(Records contained in a dataset)
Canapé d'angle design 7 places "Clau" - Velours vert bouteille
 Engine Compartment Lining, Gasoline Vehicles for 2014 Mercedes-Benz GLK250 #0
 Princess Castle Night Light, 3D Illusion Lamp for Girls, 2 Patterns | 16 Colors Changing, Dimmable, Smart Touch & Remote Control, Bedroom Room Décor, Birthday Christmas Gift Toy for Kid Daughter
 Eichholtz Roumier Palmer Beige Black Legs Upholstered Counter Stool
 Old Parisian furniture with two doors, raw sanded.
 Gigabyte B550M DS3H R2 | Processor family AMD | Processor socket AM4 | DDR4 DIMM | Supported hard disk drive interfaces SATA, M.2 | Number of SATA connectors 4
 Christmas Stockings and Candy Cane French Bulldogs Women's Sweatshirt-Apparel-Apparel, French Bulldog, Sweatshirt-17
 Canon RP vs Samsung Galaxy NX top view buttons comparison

▸ **Task brief**:
From the records above, transcribe exactly the run of lines that opens with the line holding "Eichholtz Roumier Palmer" and closes with the line holding "Gigabyte B550M DS3H", both included.

▸ **Solved problem**:
 Eichholtz Roumier Palmer Beige Black Legs Upholstered Counter Stool
 Old Parisian furniture with two doors, raw sanded.
 Gigabyte B550M DS3H R2 | Processor family AMD | Processor socket AM4 | DDR4 DIMM | Supported hard disk drive interfaces SATA, M.2 | Number of SATA connectors 4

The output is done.